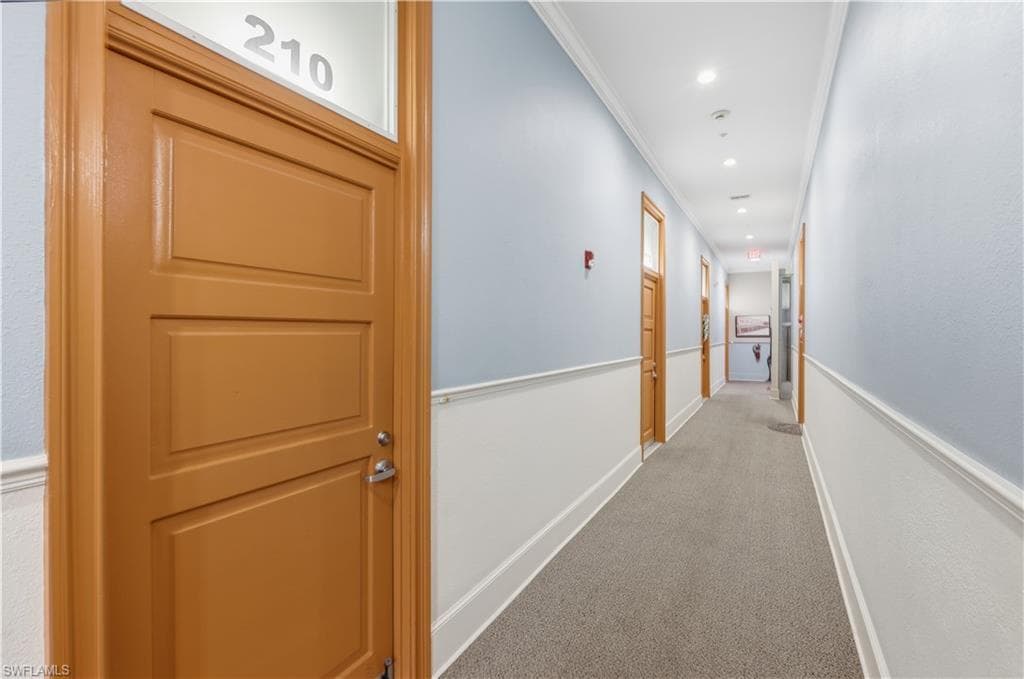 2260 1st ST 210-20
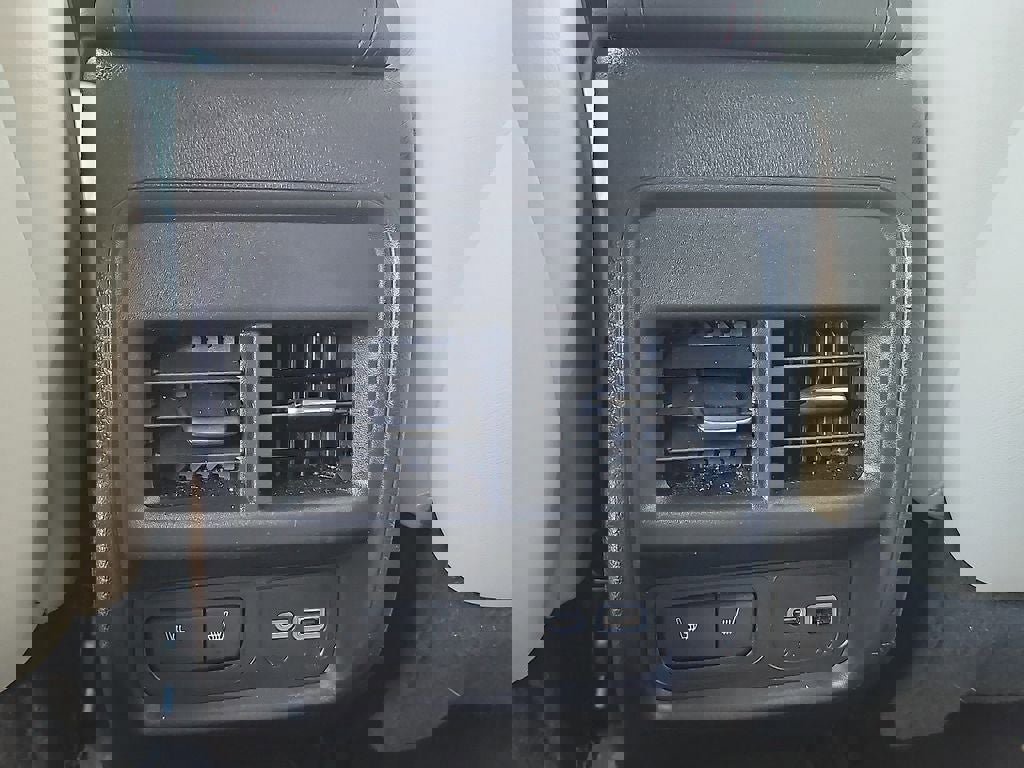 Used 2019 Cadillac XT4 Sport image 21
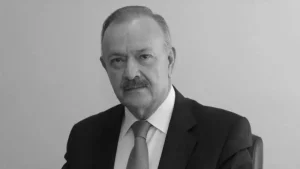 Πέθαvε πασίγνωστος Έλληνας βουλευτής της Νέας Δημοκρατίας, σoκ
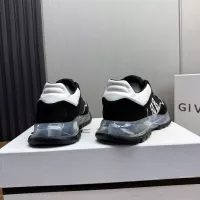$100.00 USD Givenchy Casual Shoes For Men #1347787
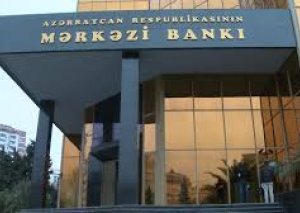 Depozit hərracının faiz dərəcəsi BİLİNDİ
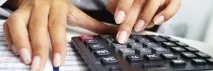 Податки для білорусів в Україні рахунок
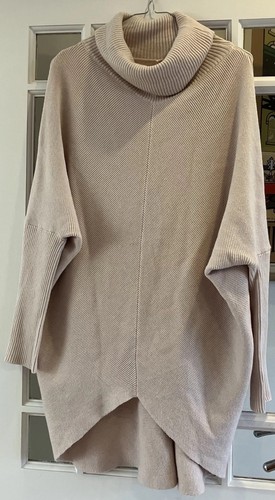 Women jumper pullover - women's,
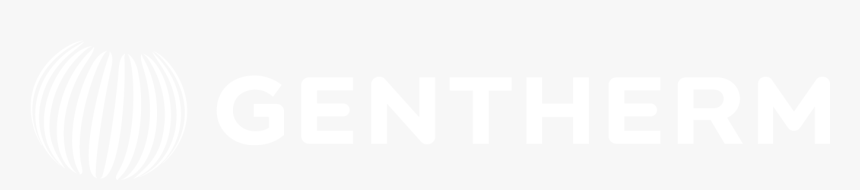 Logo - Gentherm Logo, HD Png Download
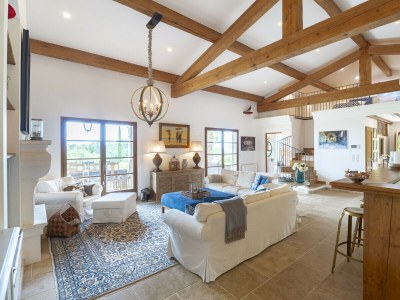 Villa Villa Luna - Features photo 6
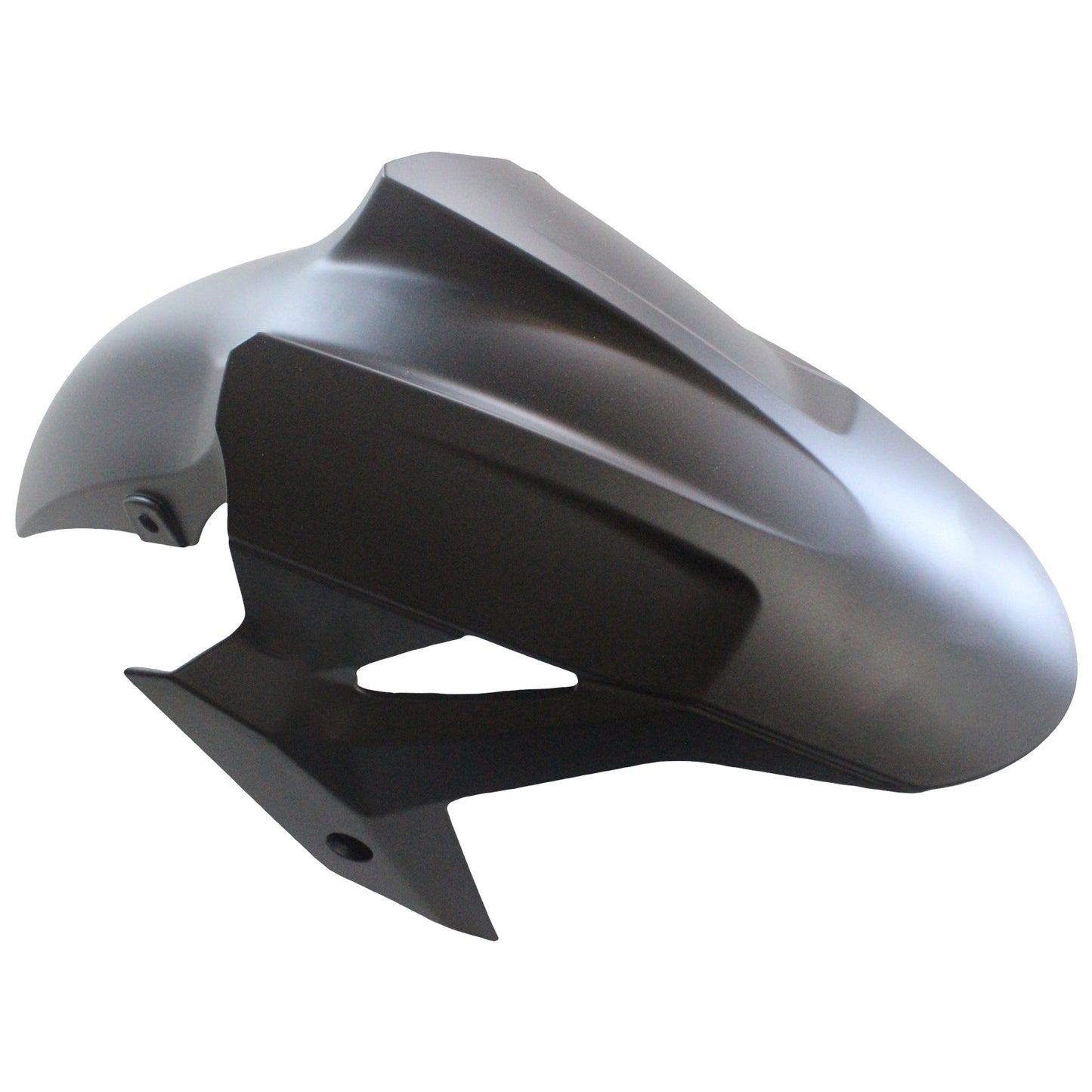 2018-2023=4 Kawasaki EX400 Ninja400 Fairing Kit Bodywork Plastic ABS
******
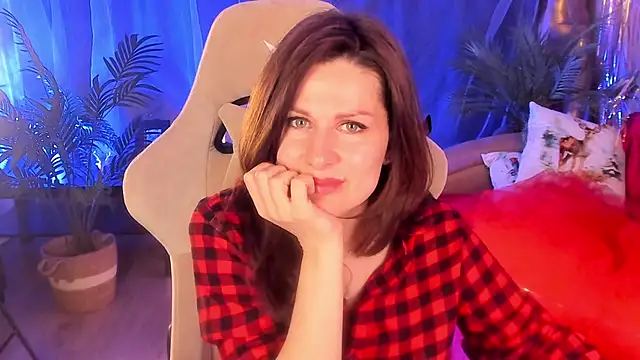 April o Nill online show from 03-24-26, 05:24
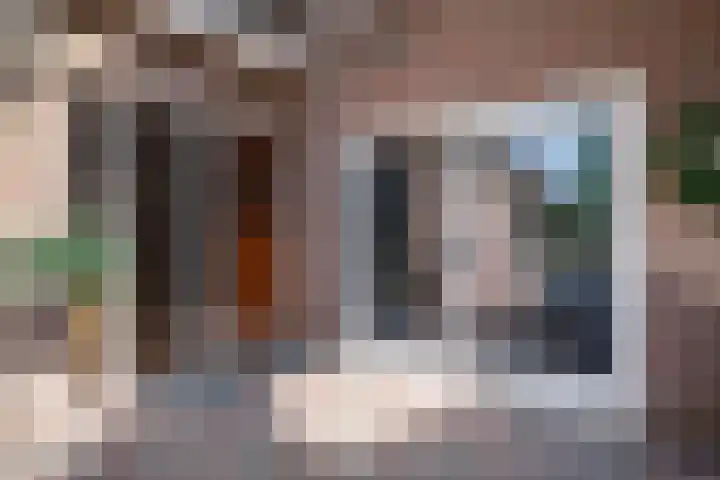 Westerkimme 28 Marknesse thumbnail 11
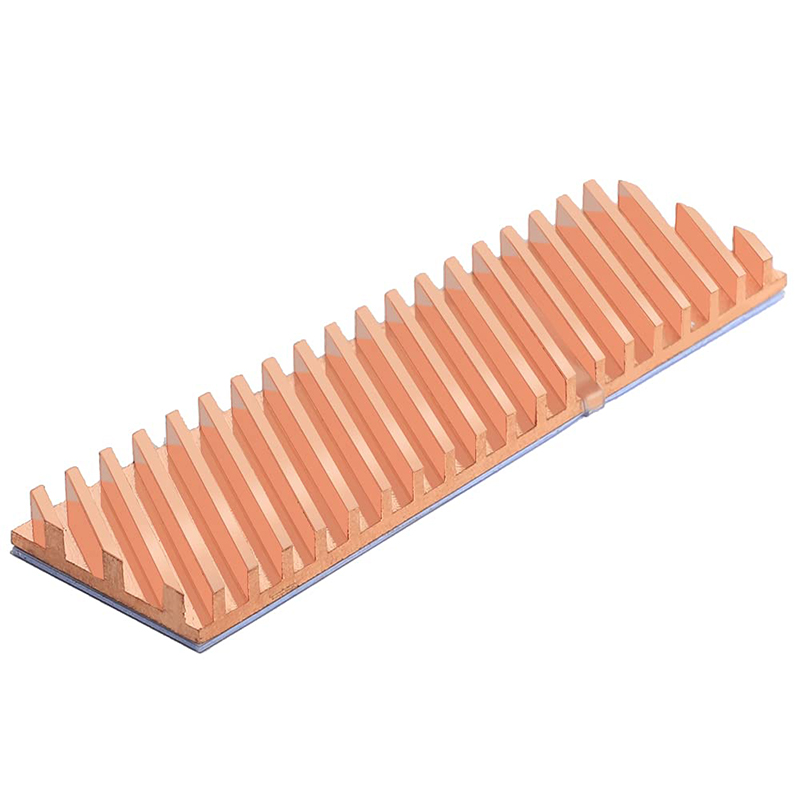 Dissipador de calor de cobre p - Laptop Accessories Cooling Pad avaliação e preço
******
▶ What you should do
From the material above, reproduce only what runs from the line holding "Depozit hərracının faiz dərəcəsi BİLİNDİ" down to the line holding "2018-2023=4 Kawasaki EX400", both included, pictures excluded.

▶ Written response
 Depozit hərracının faiz dərəcəsi BİLİNDİ
 Податки для білорусів в Україні рахунок
 Women jumper pullover - women's,
 Logo - Gentherm Logo, HD Png Download
 Villa Villa Luna - Features photo 6
 2018-2023=4 Kawasaki EX400 Ninja400 Fairing Kit Bodywork Plastic ABS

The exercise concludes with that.